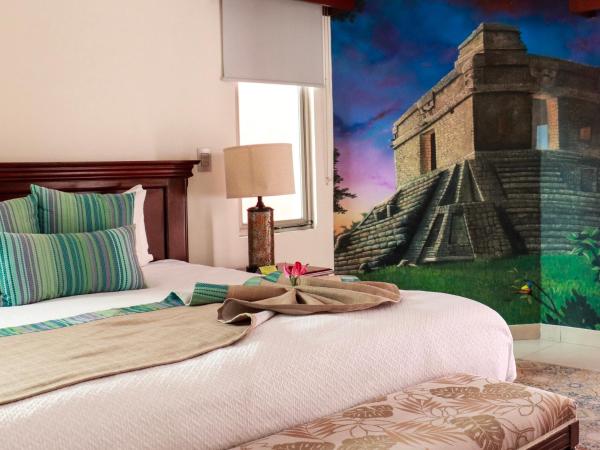 Hotel Boutique Real San Juan Center : photo 3 de la chambre suite deluxe avec lit king-size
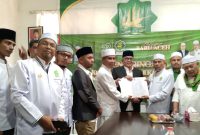 Ketua Umum PAS Aceh Tgk H.Bulqaini Tanjongan dan Paslon Gubernur Aceh dan Wakil Gubernur Aceh Bustami -Tu Sop memperlihatkan surat usungan dalam sebuah pertemuan di kantor MPP PAS Aceh Kamis (29/8/2024).
Foto : BANDAPOS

= WHAT IS BEING ASKED =
Without the pictures, write out the listing exactly as it appears above.

= RESULT OF THE EXERCISE =
 Hotel Boutique Real San Juan Center : photo 3 de la chambre suite deluxe avec lit king-size
 Ketua Umum PAS Aceh Tgk H.Bulqaini Tanjongan dan Paslon Gubernur Aceh dan Wakil Gubernur Aceh Bustami -Tu Sop memperlihatkan surat usungan dalam sebuah pertemuan di kantor MPP PAS Aceh Kamis (29/8/2024).
Foto : BANDAPOS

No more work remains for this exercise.